We all have to move with the times and change our business models to meet customer demand, but the truth behind many of these services is often different to the marketing hype. Rather than making any actual changes to their business models, these companies are simply rebranding themselves, and overpromising and underdelivering on service.
By promising the earth at apparently competitive prices, customers are at risk and often being left in an extremely vulnerable position. Imagine this all too common scenario: Company A sells a service, but then subcontracts the network to Company B, and then subcontracts the application platform to Company C, which in turn uses a datacentre owned by Company D.
It can be difficult to determine which company is responsible for support. But in this scenario, it almost certainly won't be fully manned round-the-clock support carried out by the contracted provider's in-house engineers.
Too frequently, "24/7 support" turns out to mean call-forwarding to an offshore contact centre, where agents know little about the services being delivered to the individual customer. Without in-house, UK-based, round-the-clock staff, I believe those who call themselves service providers are being economical with the truth.
Unfortunately, these tactics are starting to remind me of the marketing ploys used by some of the low-cost airlines that have been accused of misleading their customers with cheap headline prices and a host of hidden charges.
Outsourcing services to different suppliers may save the provider money, but could cost their customers dearly.

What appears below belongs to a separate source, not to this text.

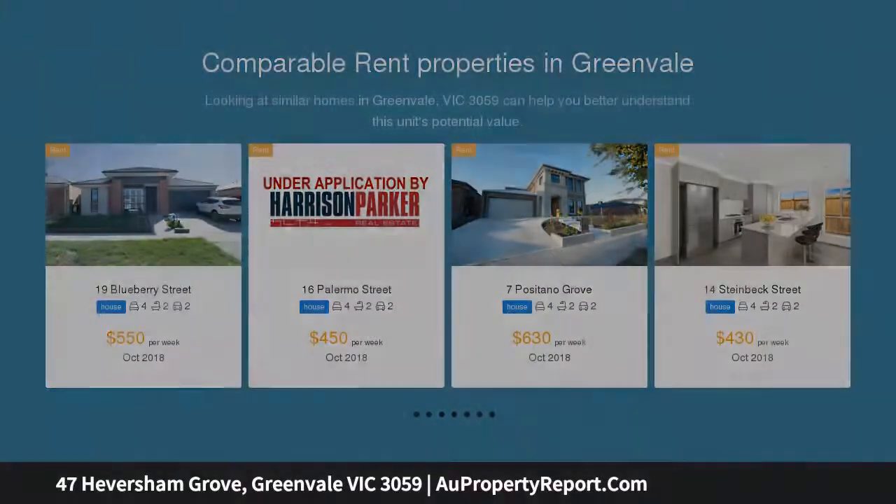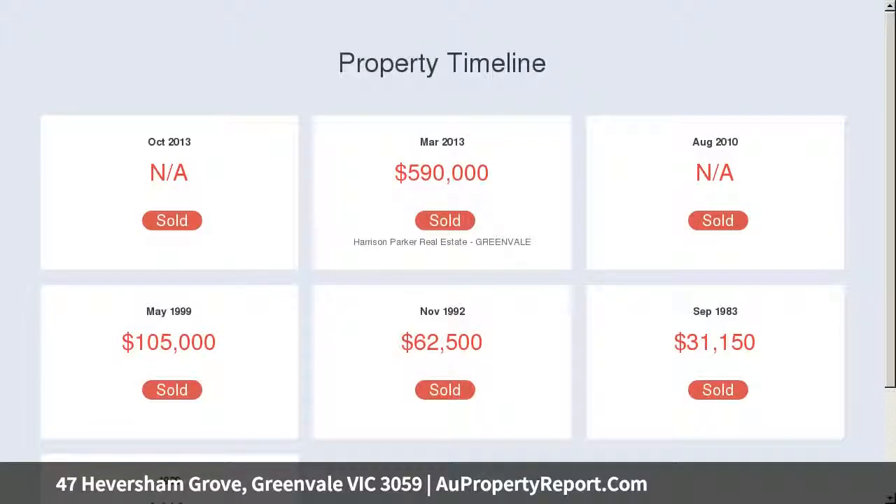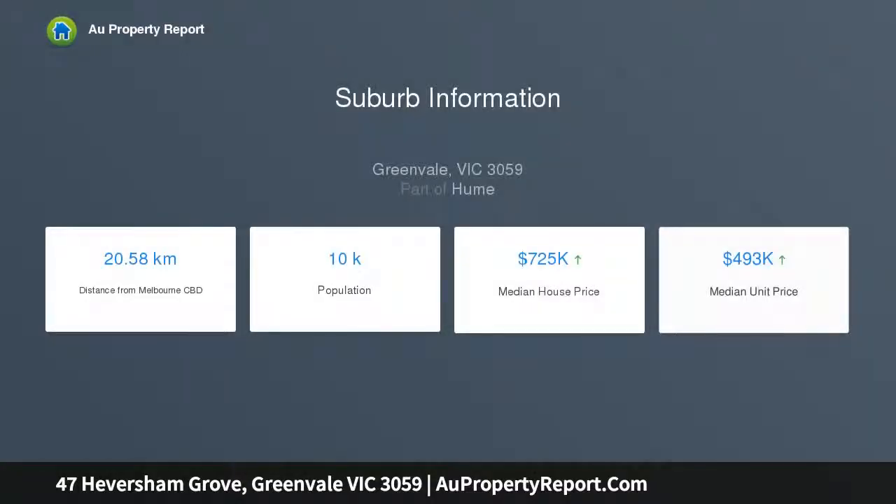A truly classic style with timeless aesthetic and design integrity, all on one level for good connectivity and seamless flow. The home is complete with four double-sized bedrooms, two bathrooms plus powder room, formal and informal living areas, and a stylish well-equipped gourmet kitchen.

Using many suppliers can result in no actual ownership or accountability. Customers may find they are getting a disjointed service with split responsibility. Worse than that, availability, security and resilience cannot be guaranteed.
The most important thing that needs to be established is who actually owns the network, the datacentres connected to it, the services available and the platforms on which they run.
Ageing infrastructures and fragmented or poorly engineered services put customers at risk of outages. The level of support a provider can offer is also crucial and a reputable cloud service provider should be able to offer true 24x7 manned support.
Owning, managing and monitoring the end-to-end corporate cloud infrastructure is the only way to meaningfully guarantee service level agreements. It's time for any organisation calling itself a cloud services provider to own up and actually make the needed changes to their business model.
It's time that we as an industry start to educate our customers so they can ask the tough questions necessary to ensure they really know what they're getting when they enter the cloud.
Reputable cloud service providers need to be able to truly differentiate themselves from those managed services providers that have simply rebranded in order to protect customers from the kind of outages that have been reported over the past year.